**Task item:**
Transcribed word for word, the lines below from the one with "Тереке Ставропольского края" through the last line of the records form the answer; no picture is to be included.

═════ Records ═════

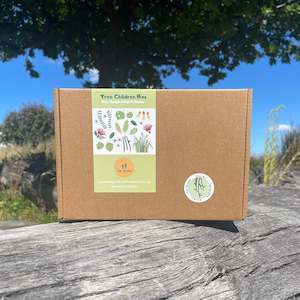 Tree Children Box: Past Box - Rimu Box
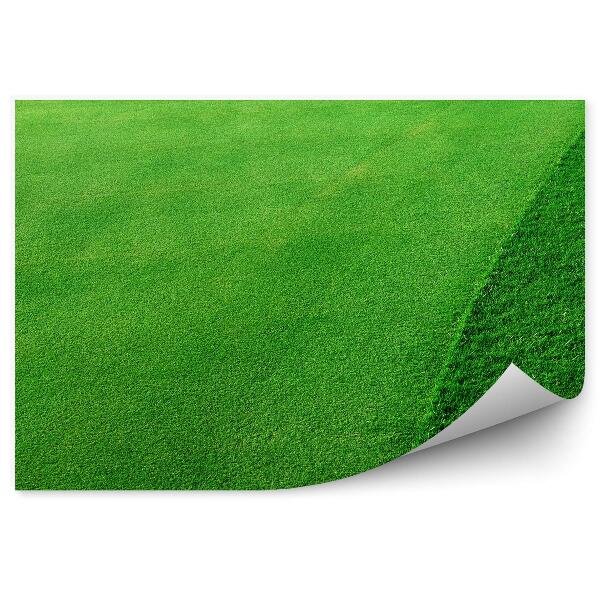 Papier peint Terrain de golf herbe verte coupée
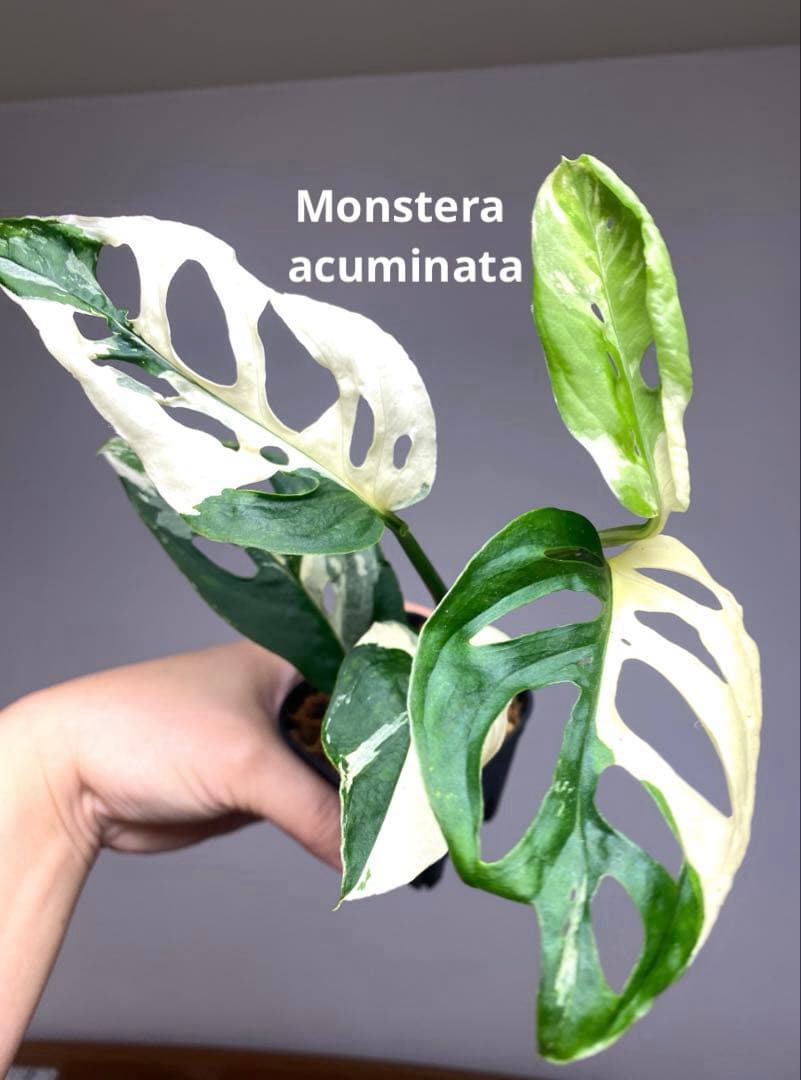 【超希少‼️】モンステラ　アクミナータ　斑入り　レア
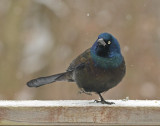 Common Grackle (Male)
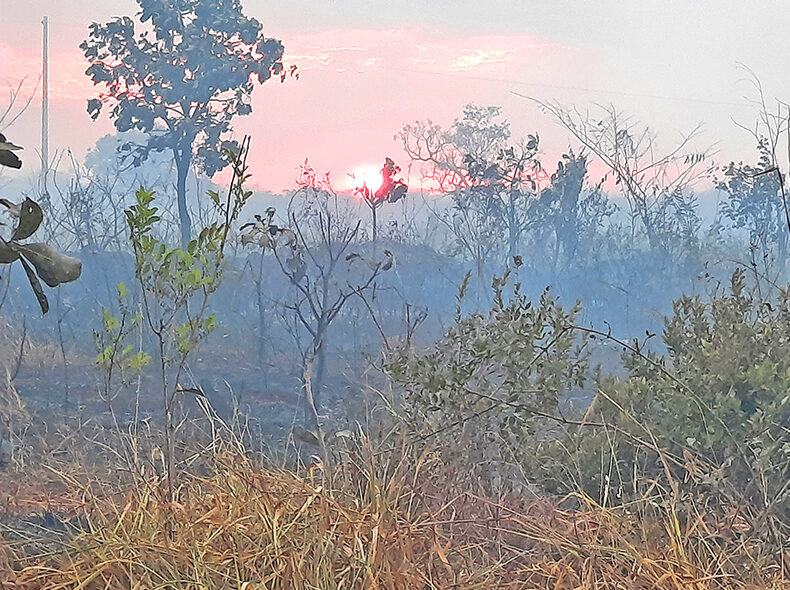 Devastação por incêndios em reserva indígena chega a 90%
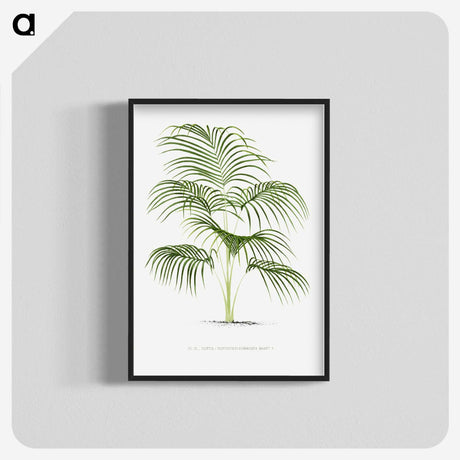 1-25_Les-Palmiers-Histoire-Iconographique_blk-crop
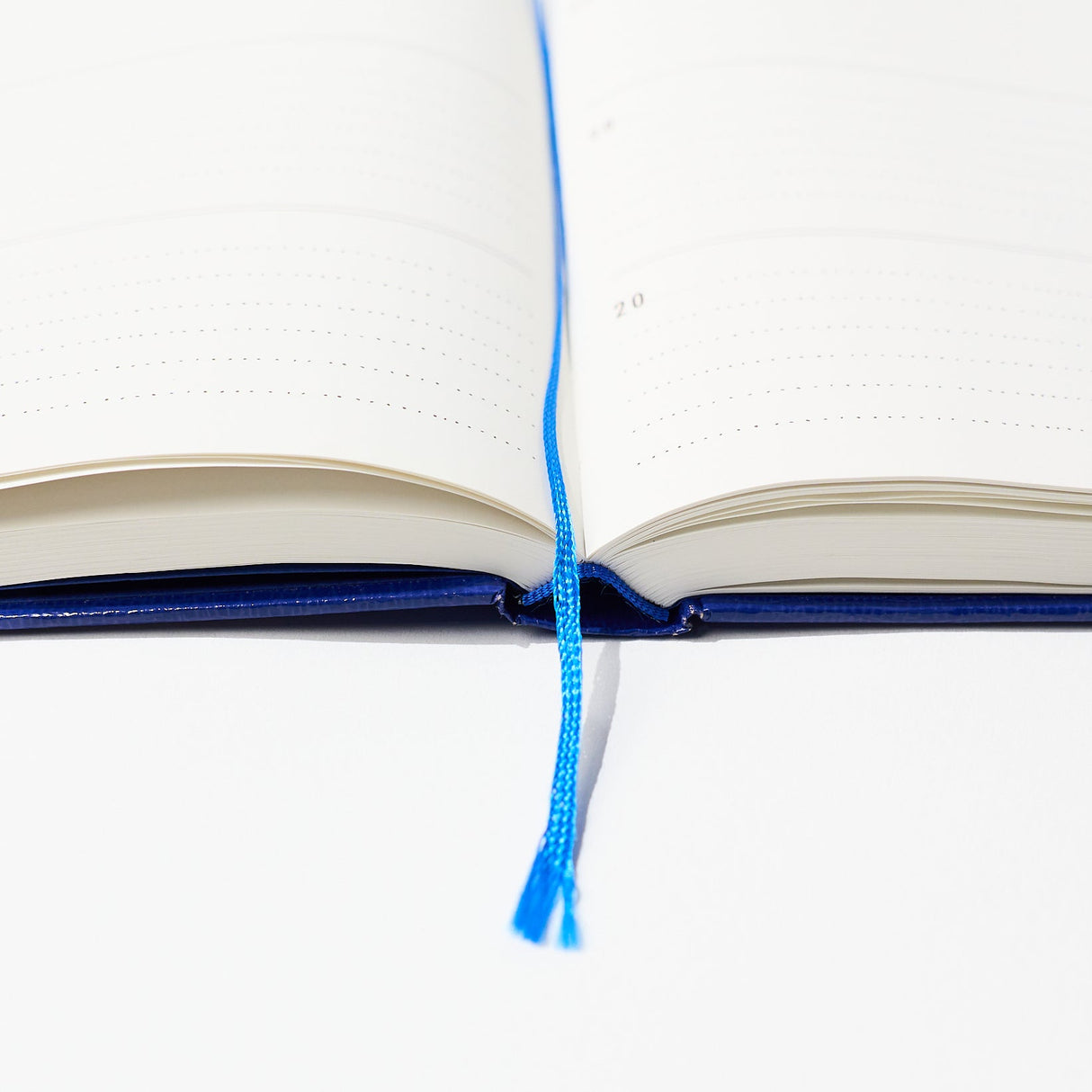 365 365 365 3 Years Diary / ICHIKUDO - bungu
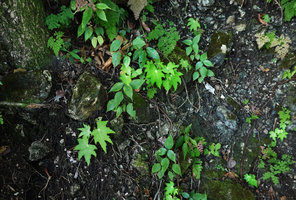 Begonia heracleifolia, young individuals on vertical limestone rocky bank, Aguateca, Petexbatun, Peten, Guatemala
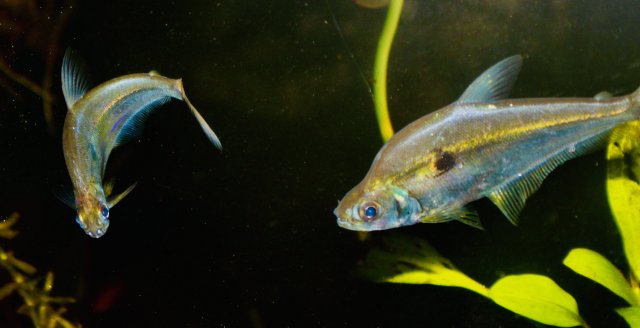 38D6D5AB-B1F3-417B-BBCA-91E7B1FE96C0_1_201_a.jpeg 38D6D5AB-B1F3-417B-BBCA-91E7B1FE96C0_1_201_a.jpeg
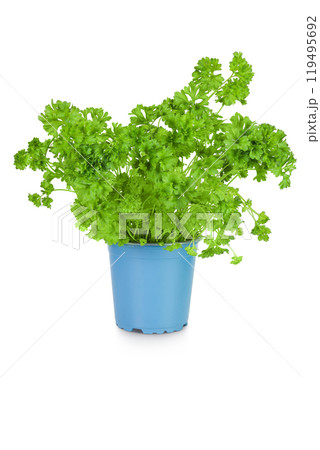 parsley in a pot isolated on white background parsley in a pot isolated on white background 119495692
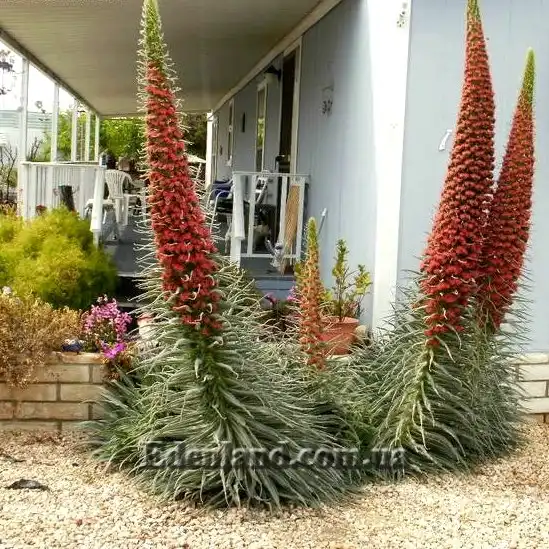 Изображение цветущие растения в саду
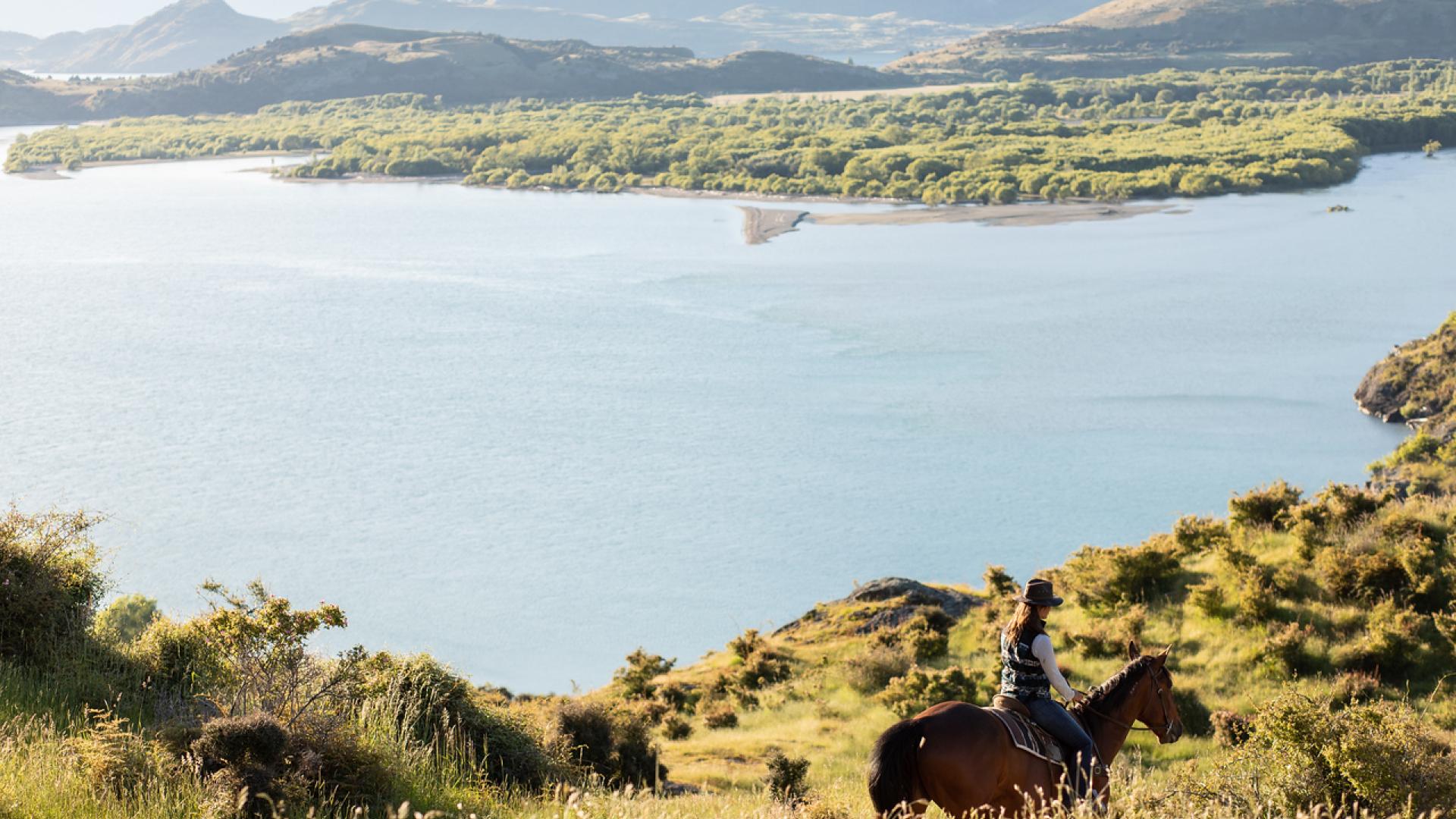 Horse rider overlooking the bright blue waters of Lake Wānaka, surrounded by native bush and distant hills.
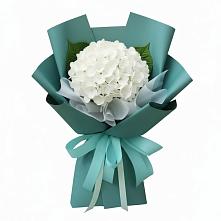 Букет цветов из:  Гортензия #REPLACE_PRED# Тереке Ставропольского края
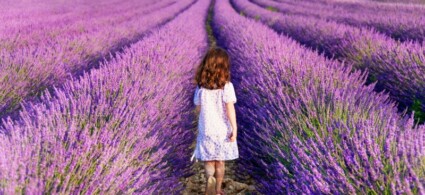 Meseta de Valensole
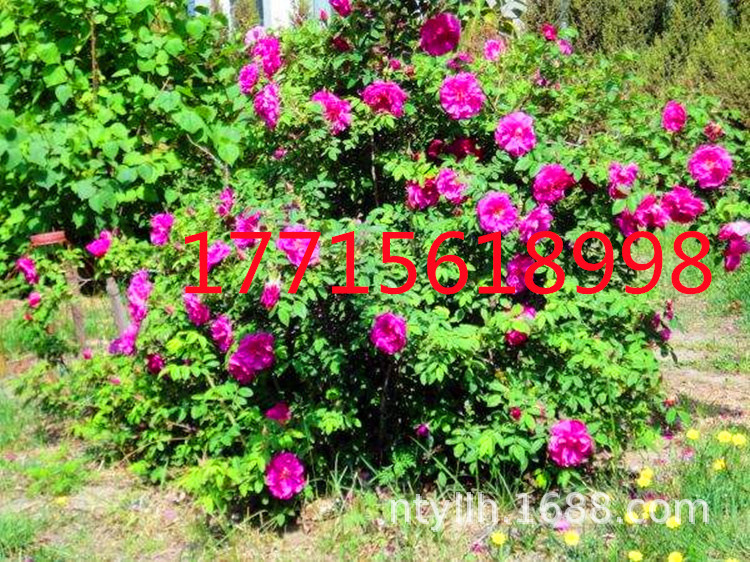 O1CN01WoIroD1UxW0mpUmYw_!!3682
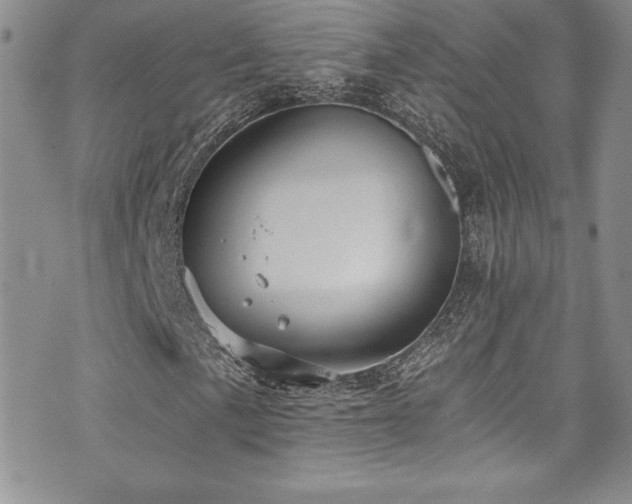 X0000073861057200608101245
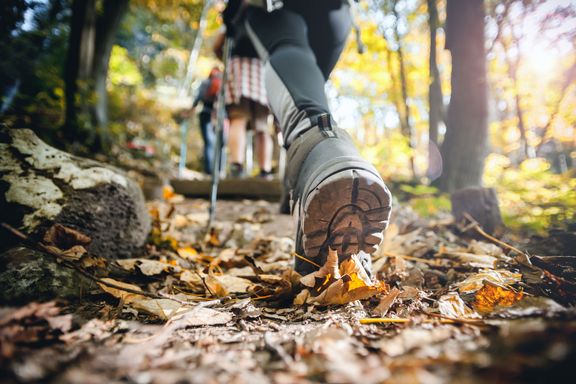 Eine Gruppe von Frauen beim Nordic Walking in einem herbstlichen Wald.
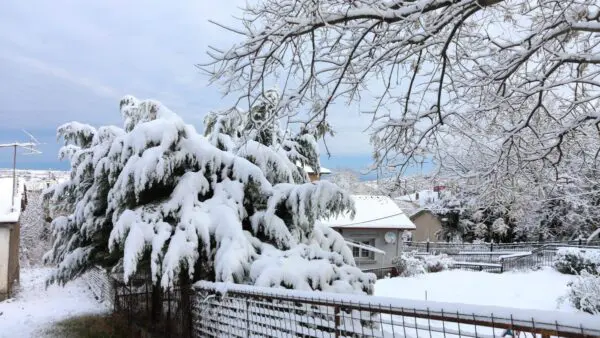 Χιονισμένη περιοχή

═════

**Solution to the exercise:**
 Букет цветов из:  Гортензия #REPLACE_PRED# Тереке Ставропольского края
 Meseta de Valensole
 O1CN01WoIroD1UxW0mpUmYw_!!3682
 X0000073861057200608101245
 Eine Gruppe von Frauen beim Nordic Walking in einem herbstlichen Wald.
 Χιονισμένη περιοχή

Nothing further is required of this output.